**Exercise**. The reply should contain all the data below, repeated exactly, and none of the images.

** Opening Exercise data block **

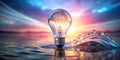 Illuminated idea emerging from ocean waves at sunset. Generative AI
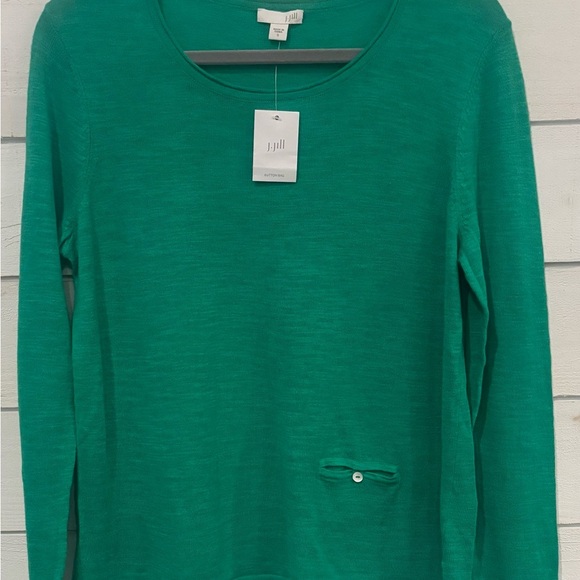 J. Jill NWT Surf Green Long Sleeve Tee. Linen cotton blend. Size small - Picture 3 of 13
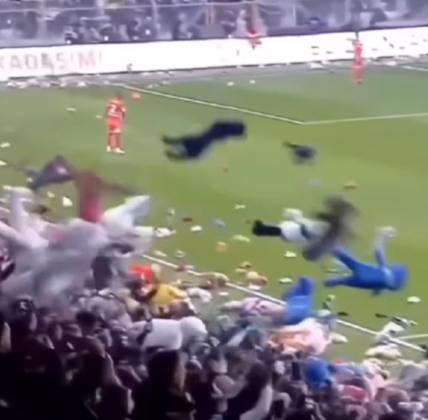 "Voluntários entram em campo para recolher os brinquedos lançados." (Imagem: reprodução Instagram)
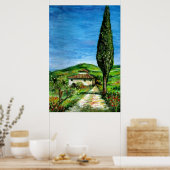 Oude boerderij in het landschap Chianti-Toscane Poster (Keuken)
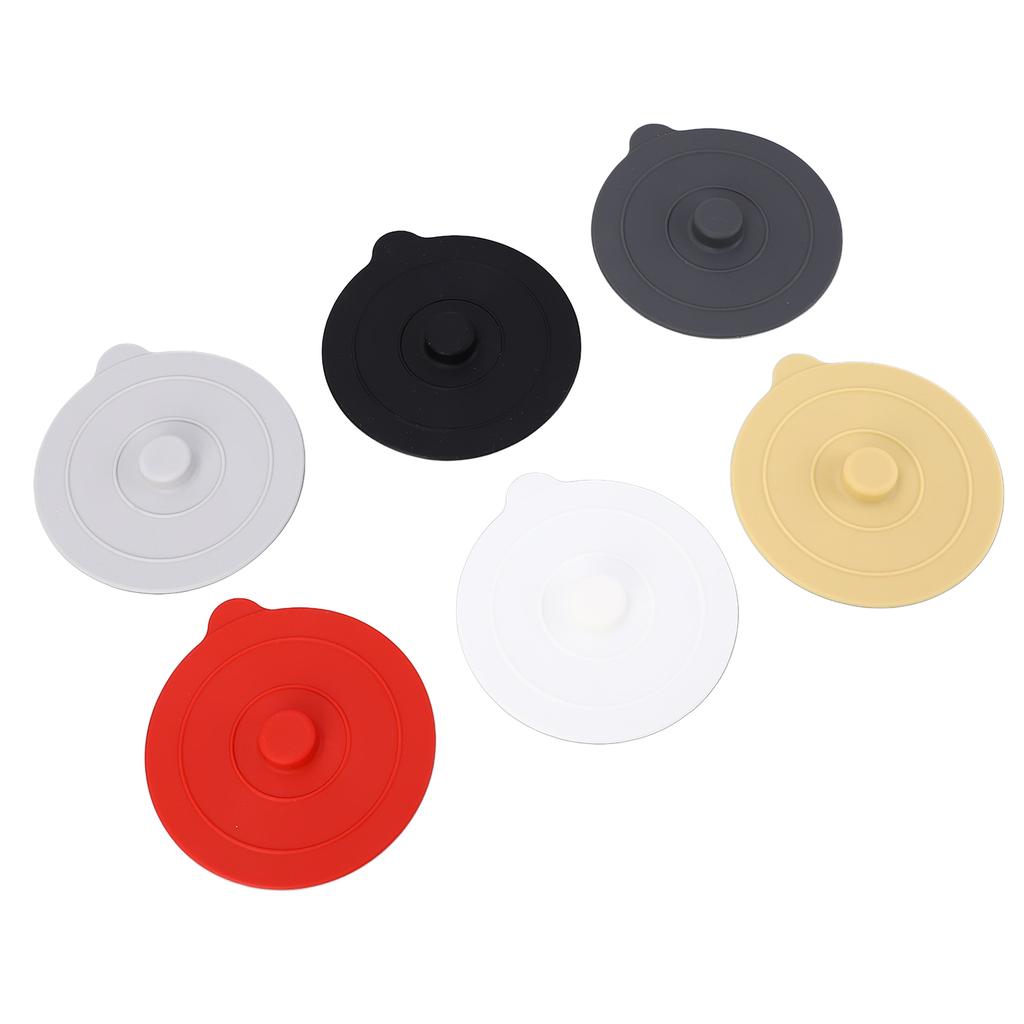 6Pcs Silicone Cup Lid Dustproof Round Universal Cup Cover 9.5cm Red Yellow Black White Dark Grey Light Grey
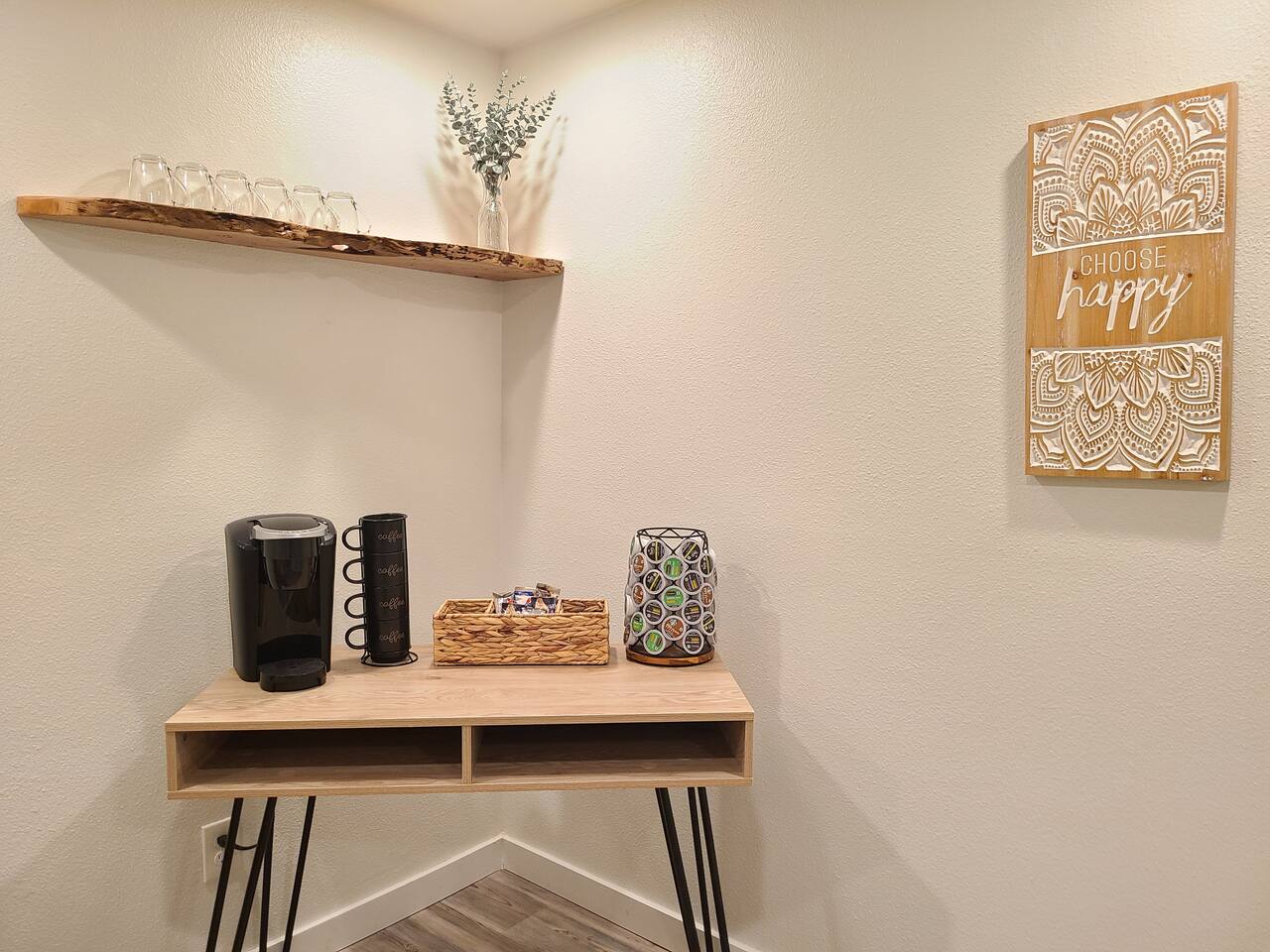 Coffee station with a Keurig, and snacks. A perfect spot to start your day.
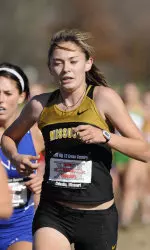 Bailey Belvis earned All-Big 12 honors after her 14th-place finish.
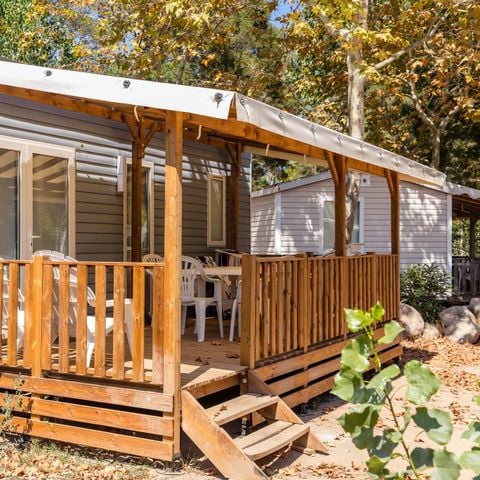 Stacaravan 6 personen - Mobile-home | Premium | 3 slaapkamers | 6 pers. | Verhoogd terras | Air-con.
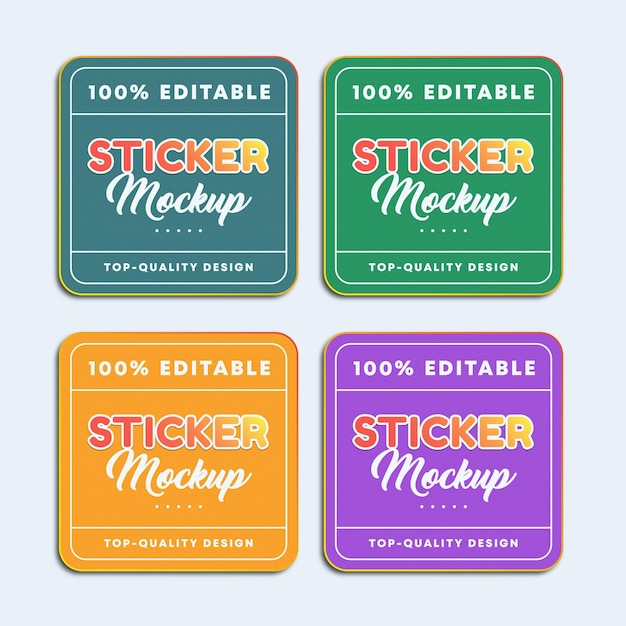 HighQuality Sticker Mockup Collection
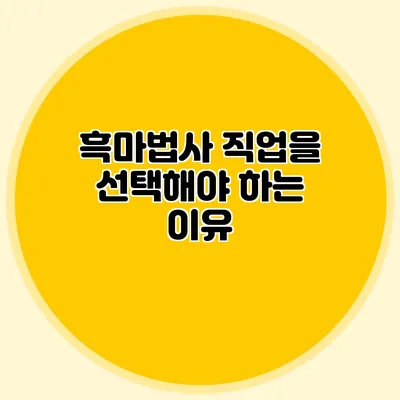 흑마법사 직업을 선택해야 하는 이유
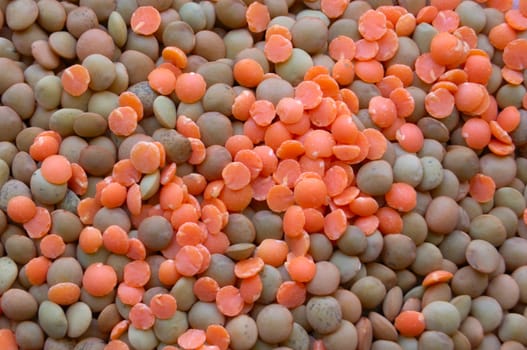 macro pattern of mix of red and green lentil. Asian food
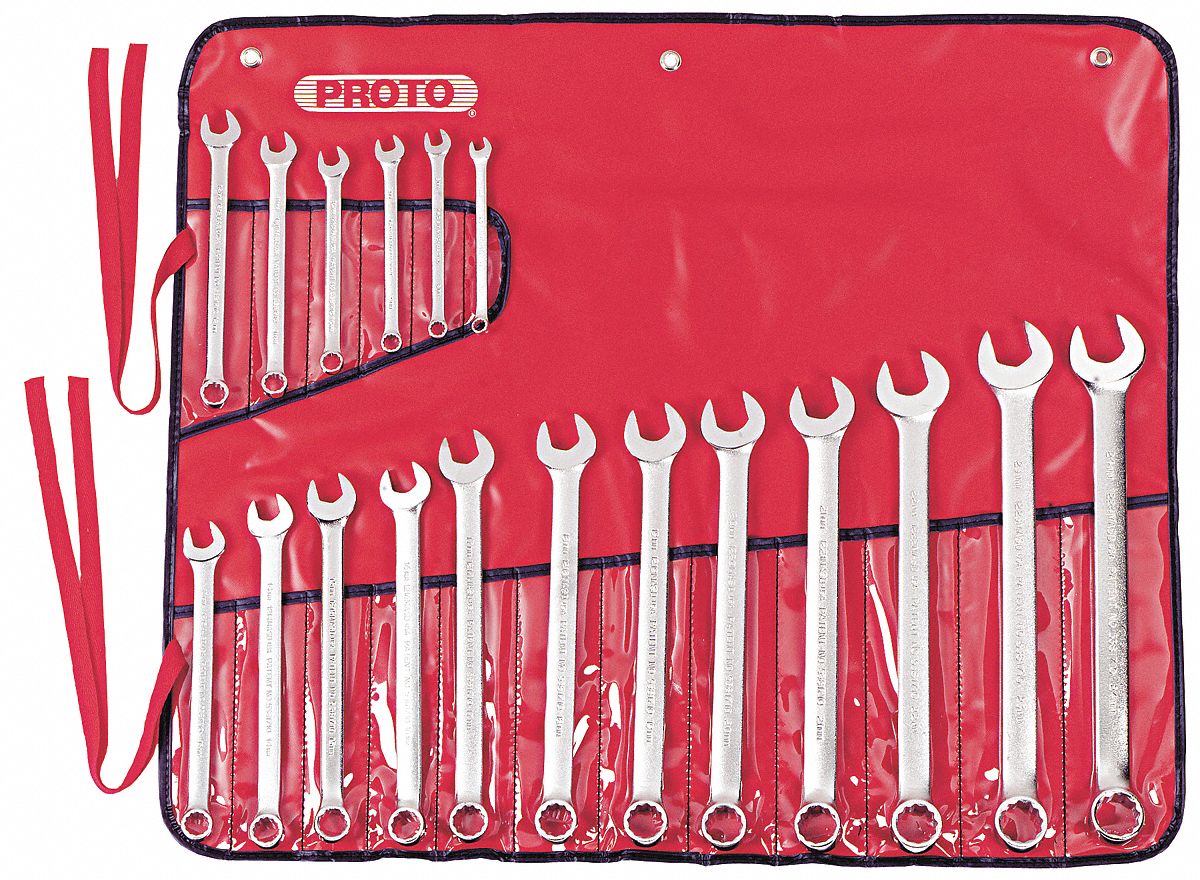 COMBINATION WRENCH SET, SATIN FINISH, 18-PIECE SET 12PT METRIC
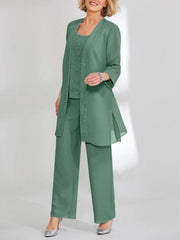 Chiffon Sequins Scoop Ankle Length Mother Of The Bride Pantsuits With Jacket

** Closing Exercise data block **

**Answer**.
 Illuminated idea emerging from ocean waves at sunset. Generative AI
 J. Jill NWT Surf Green Long Sleeve Tee. Linen cotton blend. Size small - Picture 3 of 13
 "Voluntários entram em campo para recolher os brinquedos lançados." (Imagem: reprodução Instagram)
 Oude boerderij in het landschap Chianti-Toscane Poster (Keuken)
 6Pcs Silicone Cup Lid Dustproof Round Universal Cup Cover 9.5cm Red Yellow Black White Dark Grey Light Grey
 Coffee station with a Keurig, and snacks. A perfect spot to start your day.
 Bailey Belvis earned All-Big 12 honors after her 14th-place finish.
 Stacaravan 6 personen - Mobile-home | Premium | 3 slaapkamers | 6 pers. | Verhoogd terras | Air-con.
 HighQuality Sticker Mockup Collection
 흑마법사 직업을 선택해야 하는 이유
 macro pattern of mix of red and green lentil. Asian food
 COMBINATION WRENCH SET, SATIN FINISH, 18-PIECE SET 12PT METRIC
 Chiffon Sequins Scoop Ankle Length Mother Of The Bride Pantsuits With Jacket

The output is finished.